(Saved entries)

* * *

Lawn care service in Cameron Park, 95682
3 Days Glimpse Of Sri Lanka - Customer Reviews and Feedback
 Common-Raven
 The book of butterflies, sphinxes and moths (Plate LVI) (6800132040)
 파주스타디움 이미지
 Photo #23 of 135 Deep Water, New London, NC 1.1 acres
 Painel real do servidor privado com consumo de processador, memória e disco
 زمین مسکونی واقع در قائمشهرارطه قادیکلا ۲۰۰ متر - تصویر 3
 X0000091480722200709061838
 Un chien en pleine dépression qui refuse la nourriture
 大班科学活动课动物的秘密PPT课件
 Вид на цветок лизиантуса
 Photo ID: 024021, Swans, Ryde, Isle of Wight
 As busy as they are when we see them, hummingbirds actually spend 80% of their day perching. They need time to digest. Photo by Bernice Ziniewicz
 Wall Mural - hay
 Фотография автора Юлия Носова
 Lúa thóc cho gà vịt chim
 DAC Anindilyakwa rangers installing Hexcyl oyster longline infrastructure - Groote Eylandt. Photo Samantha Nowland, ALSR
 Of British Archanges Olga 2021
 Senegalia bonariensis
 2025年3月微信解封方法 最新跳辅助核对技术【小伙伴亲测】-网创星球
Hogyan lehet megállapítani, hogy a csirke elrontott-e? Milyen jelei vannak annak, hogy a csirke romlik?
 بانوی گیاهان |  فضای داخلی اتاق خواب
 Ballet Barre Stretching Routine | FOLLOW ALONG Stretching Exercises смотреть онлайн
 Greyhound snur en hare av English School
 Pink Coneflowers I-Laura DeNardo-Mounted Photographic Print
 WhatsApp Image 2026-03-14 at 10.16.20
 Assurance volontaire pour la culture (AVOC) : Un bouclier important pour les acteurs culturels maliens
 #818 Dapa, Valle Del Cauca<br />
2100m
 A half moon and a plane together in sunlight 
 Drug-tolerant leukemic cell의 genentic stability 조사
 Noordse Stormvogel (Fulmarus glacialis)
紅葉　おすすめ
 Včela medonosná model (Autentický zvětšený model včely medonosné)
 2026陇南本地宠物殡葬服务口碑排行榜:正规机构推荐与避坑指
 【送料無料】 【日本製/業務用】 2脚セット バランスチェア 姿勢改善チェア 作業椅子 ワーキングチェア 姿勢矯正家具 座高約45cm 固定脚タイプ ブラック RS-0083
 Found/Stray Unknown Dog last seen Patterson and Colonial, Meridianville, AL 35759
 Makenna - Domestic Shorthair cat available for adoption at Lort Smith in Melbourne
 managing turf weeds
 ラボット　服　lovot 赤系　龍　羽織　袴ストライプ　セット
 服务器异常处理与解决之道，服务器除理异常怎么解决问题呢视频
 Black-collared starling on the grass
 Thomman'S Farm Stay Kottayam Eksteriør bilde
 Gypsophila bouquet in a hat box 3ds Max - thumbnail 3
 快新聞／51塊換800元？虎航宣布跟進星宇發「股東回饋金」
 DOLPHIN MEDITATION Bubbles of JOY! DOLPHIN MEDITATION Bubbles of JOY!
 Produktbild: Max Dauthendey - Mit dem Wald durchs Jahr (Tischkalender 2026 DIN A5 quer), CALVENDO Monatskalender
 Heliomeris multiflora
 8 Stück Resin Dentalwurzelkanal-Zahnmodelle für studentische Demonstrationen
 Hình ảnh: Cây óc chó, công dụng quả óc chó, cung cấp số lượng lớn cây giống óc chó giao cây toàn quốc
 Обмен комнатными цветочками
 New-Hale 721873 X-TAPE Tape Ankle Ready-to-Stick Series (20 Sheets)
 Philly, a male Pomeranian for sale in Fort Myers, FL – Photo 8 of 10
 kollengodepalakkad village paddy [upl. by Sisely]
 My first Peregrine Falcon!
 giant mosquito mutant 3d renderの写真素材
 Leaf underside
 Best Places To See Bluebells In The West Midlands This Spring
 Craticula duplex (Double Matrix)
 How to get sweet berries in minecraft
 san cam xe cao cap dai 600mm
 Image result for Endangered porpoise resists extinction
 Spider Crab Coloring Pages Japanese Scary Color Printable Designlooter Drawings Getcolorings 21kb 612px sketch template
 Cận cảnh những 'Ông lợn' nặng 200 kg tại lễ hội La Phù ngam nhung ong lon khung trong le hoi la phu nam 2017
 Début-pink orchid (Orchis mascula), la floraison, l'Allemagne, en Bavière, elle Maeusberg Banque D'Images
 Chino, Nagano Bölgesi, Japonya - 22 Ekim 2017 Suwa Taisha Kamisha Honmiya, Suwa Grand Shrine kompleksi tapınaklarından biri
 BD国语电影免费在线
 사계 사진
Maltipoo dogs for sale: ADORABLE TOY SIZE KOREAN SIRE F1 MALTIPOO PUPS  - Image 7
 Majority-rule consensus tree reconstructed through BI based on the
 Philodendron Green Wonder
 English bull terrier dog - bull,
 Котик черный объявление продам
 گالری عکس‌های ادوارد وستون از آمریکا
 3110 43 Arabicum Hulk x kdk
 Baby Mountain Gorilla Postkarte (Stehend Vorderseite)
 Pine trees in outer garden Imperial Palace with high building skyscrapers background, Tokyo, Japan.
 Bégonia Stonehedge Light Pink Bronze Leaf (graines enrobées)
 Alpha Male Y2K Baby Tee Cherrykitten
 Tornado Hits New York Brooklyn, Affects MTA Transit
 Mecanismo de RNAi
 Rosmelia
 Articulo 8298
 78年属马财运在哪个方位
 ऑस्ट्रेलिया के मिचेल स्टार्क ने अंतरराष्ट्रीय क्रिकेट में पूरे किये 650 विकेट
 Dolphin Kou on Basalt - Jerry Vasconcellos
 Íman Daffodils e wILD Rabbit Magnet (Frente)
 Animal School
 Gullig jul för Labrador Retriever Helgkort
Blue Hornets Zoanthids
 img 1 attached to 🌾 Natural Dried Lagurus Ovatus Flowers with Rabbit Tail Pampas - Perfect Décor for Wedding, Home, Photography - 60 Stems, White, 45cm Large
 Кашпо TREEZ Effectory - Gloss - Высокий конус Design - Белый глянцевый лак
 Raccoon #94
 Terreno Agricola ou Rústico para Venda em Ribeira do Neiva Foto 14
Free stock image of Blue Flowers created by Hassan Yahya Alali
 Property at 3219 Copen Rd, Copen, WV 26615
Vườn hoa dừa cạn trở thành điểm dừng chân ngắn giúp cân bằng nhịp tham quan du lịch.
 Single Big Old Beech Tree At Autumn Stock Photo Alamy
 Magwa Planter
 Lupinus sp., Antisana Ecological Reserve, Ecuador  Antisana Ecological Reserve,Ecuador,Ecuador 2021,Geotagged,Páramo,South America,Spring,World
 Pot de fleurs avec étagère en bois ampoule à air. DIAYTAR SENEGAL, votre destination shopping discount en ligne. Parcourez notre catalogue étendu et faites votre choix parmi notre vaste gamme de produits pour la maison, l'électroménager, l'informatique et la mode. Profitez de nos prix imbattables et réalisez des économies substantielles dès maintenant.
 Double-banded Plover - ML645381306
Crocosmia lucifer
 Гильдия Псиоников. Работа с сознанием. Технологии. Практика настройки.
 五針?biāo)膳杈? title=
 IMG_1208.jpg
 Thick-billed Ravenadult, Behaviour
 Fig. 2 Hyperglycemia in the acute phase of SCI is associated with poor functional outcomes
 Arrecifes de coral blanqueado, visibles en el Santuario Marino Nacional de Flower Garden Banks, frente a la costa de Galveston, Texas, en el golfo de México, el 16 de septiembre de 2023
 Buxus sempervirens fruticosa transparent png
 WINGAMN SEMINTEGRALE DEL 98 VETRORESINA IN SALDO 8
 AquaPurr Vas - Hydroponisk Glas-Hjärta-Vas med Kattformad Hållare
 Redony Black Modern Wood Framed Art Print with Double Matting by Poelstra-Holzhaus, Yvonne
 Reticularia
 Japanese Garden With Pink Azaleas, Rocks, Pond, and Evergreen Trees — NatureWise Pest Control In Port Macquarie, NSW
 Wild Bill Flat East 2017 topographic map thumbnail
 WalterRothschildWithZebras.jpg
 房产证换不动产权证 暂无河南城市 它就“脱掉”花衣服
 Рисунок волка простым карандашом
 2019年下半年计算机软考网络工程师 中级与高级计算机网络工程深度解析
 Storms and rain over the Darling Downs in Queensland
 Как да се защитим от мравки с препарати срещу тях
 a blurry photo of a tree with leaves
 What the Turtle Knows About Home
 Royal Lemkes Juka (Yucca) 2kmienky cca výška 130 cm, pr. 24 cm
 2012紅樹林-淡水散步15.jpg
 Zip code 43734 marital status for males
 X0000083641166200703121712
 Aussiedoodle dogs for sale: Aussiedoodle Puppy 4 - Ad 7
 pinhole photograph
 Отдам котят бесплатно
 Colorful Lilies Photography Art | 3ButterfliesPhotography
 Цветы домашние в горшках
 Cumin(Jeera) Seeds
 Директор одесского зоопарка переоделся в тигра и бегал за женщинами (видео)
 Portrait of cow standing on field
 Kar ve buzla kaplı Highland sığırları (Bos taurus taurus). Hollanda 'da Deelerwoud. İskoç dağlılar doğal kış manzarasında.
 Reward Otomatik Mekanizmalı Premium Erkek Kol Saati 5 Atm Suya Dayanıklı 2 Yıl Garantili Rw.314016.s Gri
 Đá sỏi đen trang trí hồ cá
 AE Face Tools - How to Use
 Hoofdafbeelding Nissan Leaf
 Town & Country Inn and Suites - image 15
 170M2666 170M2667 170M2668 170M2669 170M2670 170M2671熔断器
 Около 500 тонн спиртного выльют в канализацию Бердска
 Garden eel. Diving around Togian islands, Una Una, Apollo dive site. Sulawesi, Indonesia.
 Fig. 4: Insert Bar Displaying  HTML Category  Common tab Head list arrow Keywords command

* * *

(Task statement):
Would you copy, unchanged, the stretch of the records above that begins at the line containing "kollengodepalakkad village paddy" and ends at the line containing "How to get sweet berries in minecraft", and only that?

(Output of the exercise):
 kollengodepalakkad village paddy [upl. by Sisely]
 My first Peregrine Falcon!
 giant mosquito mutant 3d renderの写真素材
 Leaf underside
 Best Places To See Bluebells In The West Midlands This Spring
 Craticula duplex (Double Matrix)
 How to get sweet berries in minecraft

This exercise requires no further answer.